→ **Supplied data**
+---+
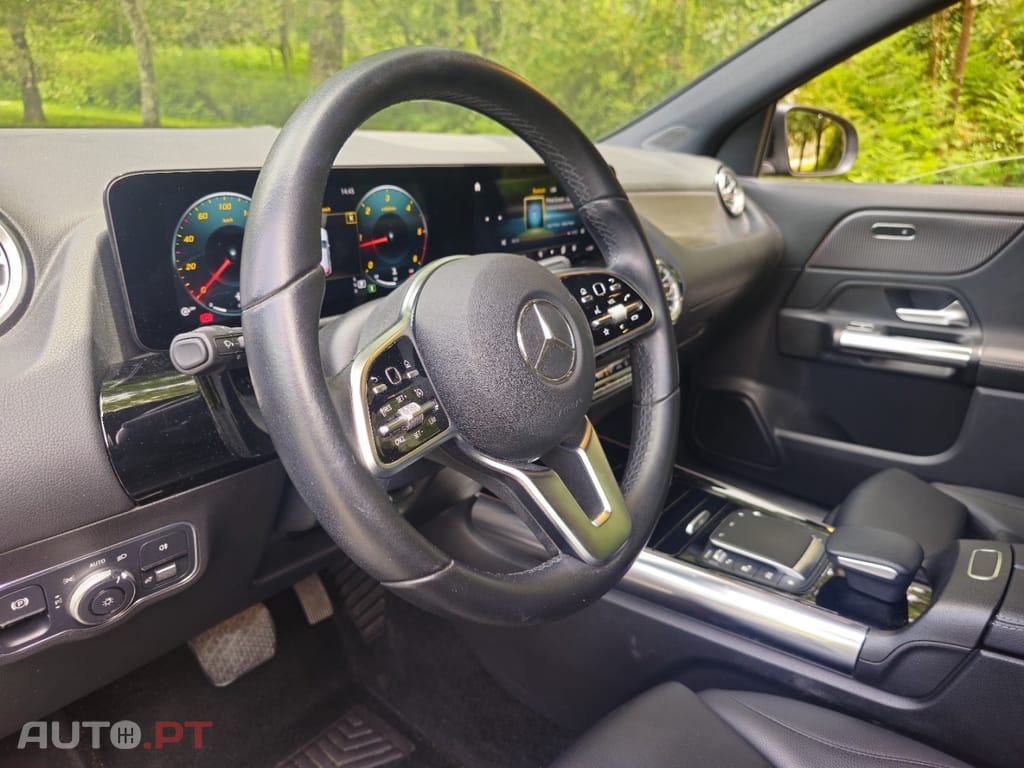 Mercedes-Benz GLA 180 d 8G-DCT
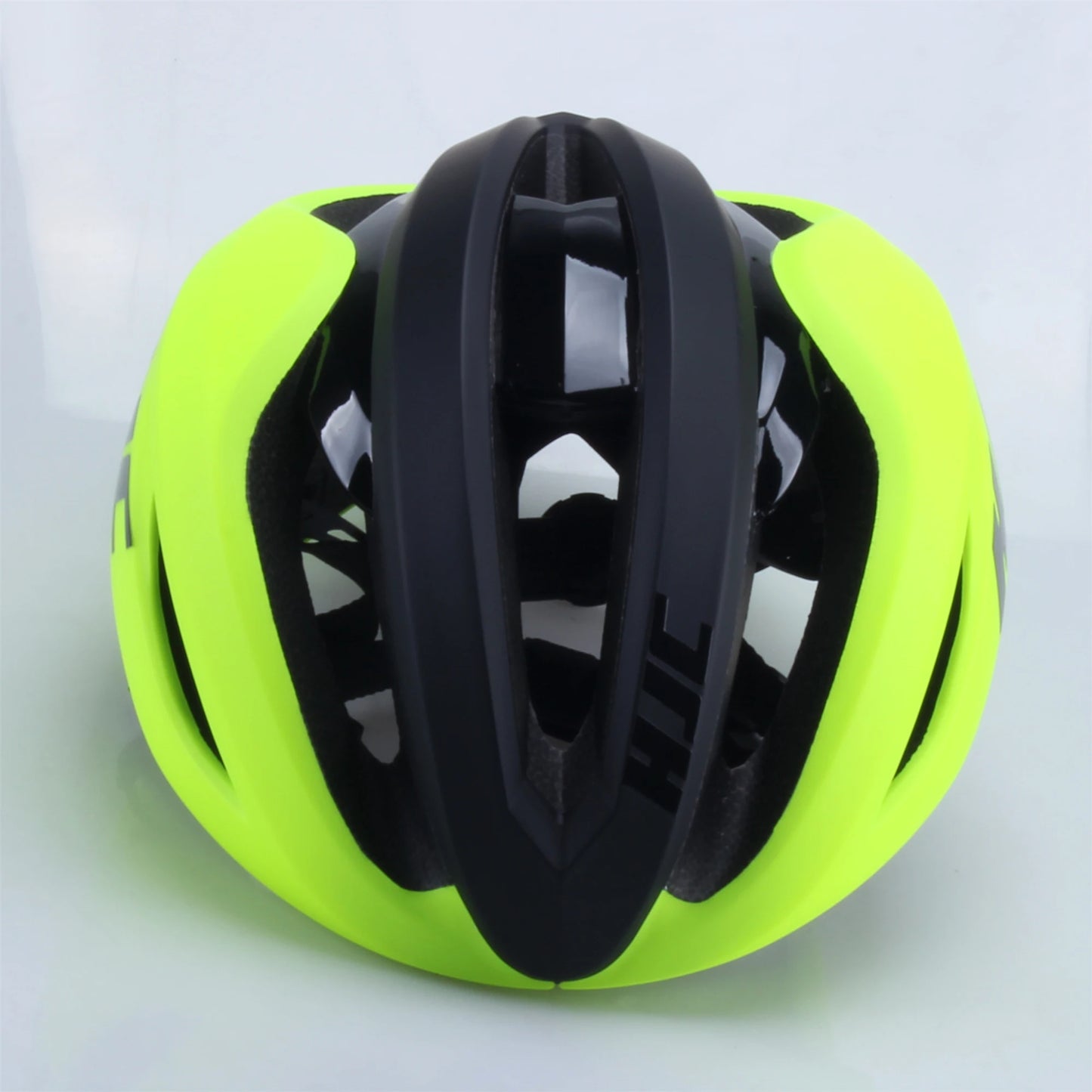 Ultra Light Cycling Helmet Matte Finish Road And Mountain Bike Safety Helmet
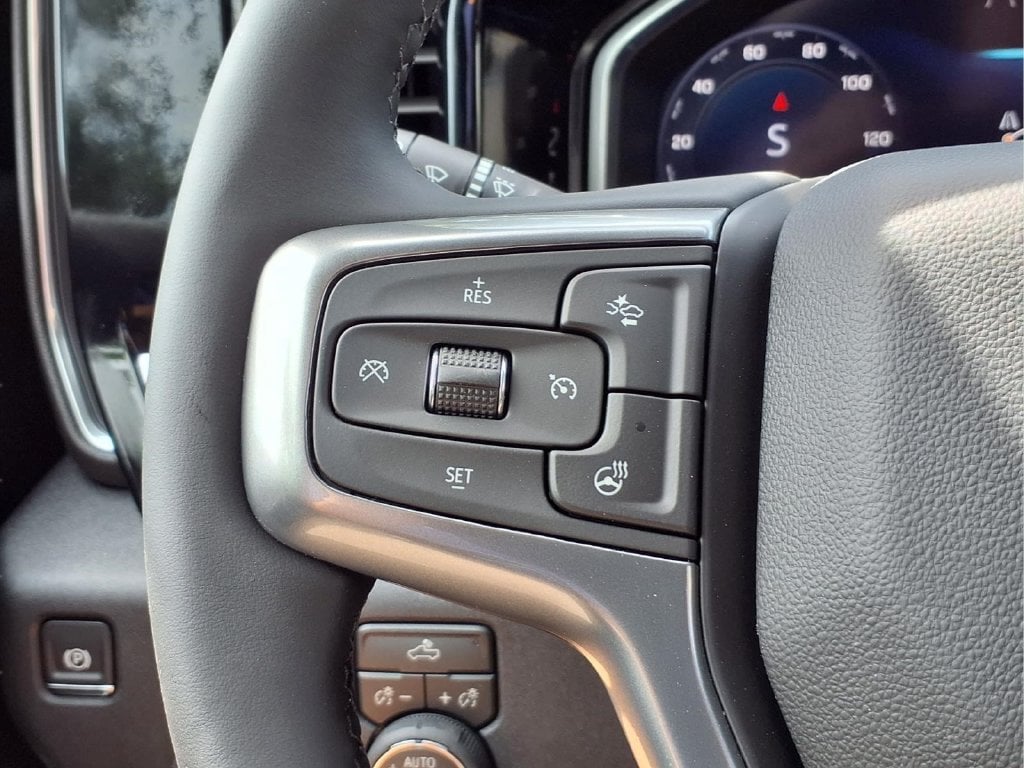 2026 Chevrolet Silverado 1500 LT - Photo 10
+---+
→ **Required action**
Copy the material exactly. Do not include the pictures.

→ **Result of the exercise**
 Mercedes-Benz GLA 180 d 8G-DCT
 Ultra Light Cycling Helmet Matte Finish Road And Mountain Bike Safety Helmet
 2026 Chevrolet Silverado 1500 LT - Photo 10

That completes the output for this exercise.